Unite Asia
- Company type: Private
- Website type: News website
- Available in: English
- Founded: Hong Kong March 2015; 11 years ago
- Headquarters: Hong Kong
- Founder: Riz Farooqi
- Website: https://uniteasia.org/
- Current status: Active

= Unite Asia =

Music website

Unite Asia is a website dedicated to covering news about punk, hardcore, and metal music from Asia. The website features reviews, interviews, and information about latest releases from bands based in Asia or for non-Asian bands performing in Asia. Unite Asia is based in Hong Kong and was founded in 2015 by Riz Farooqi of King Ly Chee.

== History ==
Unite Asia was founded in 2015 by Riz Farooqi of Hong Kong based band King Ly Chee in order to showcase the many rock and metal bands across Asia. Frustrated with the lack of media coverage for Asian bands, Farooqi decided to launch his own website in order to create a platform to grow the punk, hardcore, and metal communities.

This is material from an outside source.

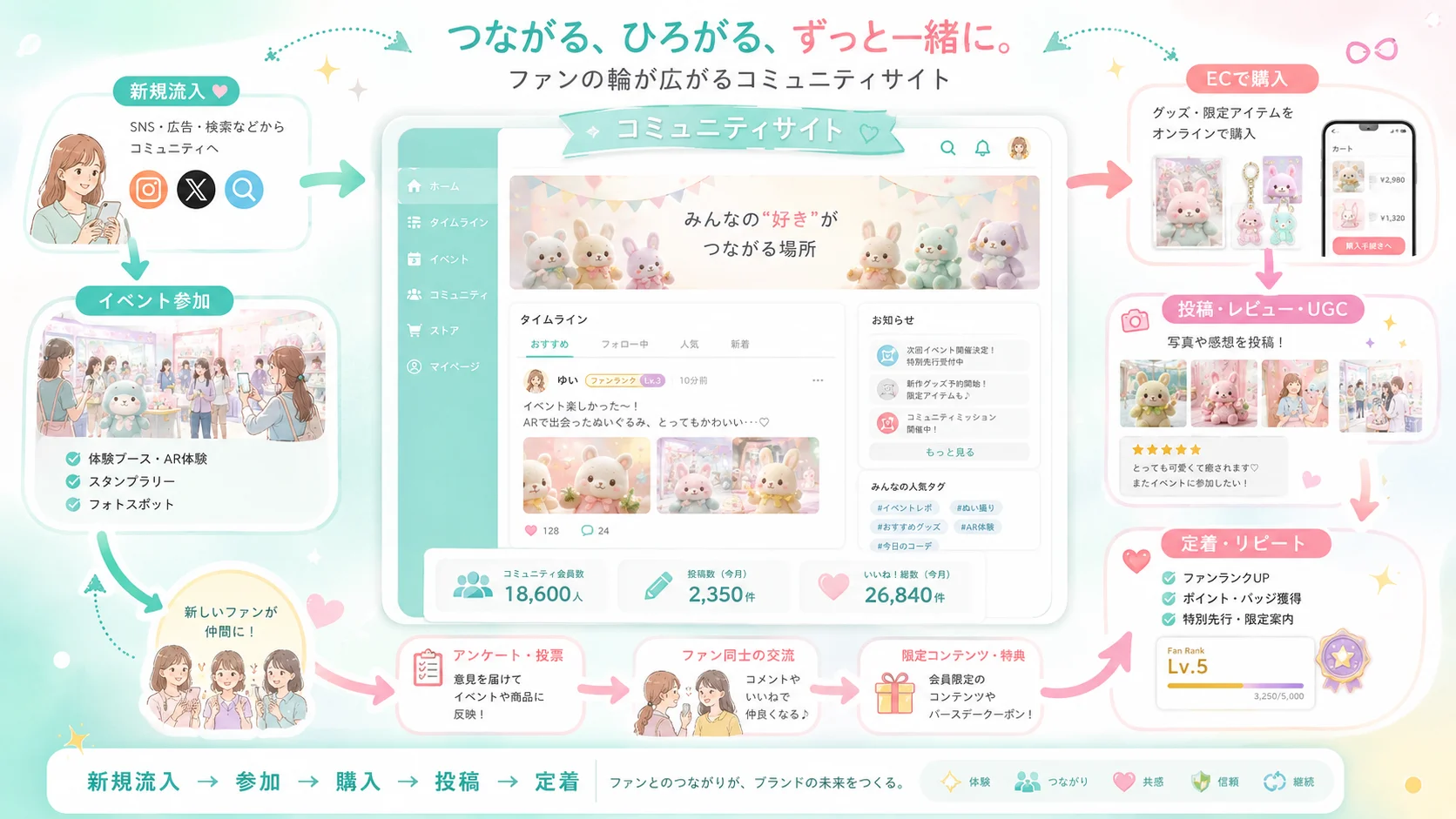 企業コンテンツとファン活動を連携させるコミュニティ運営モデル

The name of the website comes from the 2007 King Ly Chee song of the same name. The song was later re-recorded with seven vocalists from all over Asia and premiered on Unite Asia in 2015, the same year as the website's debut.

In 2017, Unite Asia organized the Unite Asia Showcase which was a concert featuring six local Hong Kong bands who were releasing either an EP or album. A free CD featuring songs from each band was given out to the concertgoers.

== Overview ==

The goal of the platform is to not only grow the local music scene in Hong Kong, but to also connect the community across the Asian continent. Similar to other music news websites such as Metal Sucks and Metal Injection, Unite Asia frequently uploads information about new releases, videos, and other news items related to the punk, hardcore, and metal scene. However, Unite Asia focuses entirely on the Asian music scene. The website gives smaller indie bands a platform to reach out to the community as anyone can submit news to the website.

Since the underground music scene in Asia is not as developed as its counterparts in North America or Europe, many bands frequently have problems with tour promoters or concert venues. Unite Asia attempts to bring more transparency to the industry by hosting a database of tour promoters within Asia that have been screened and proven to be legitimate.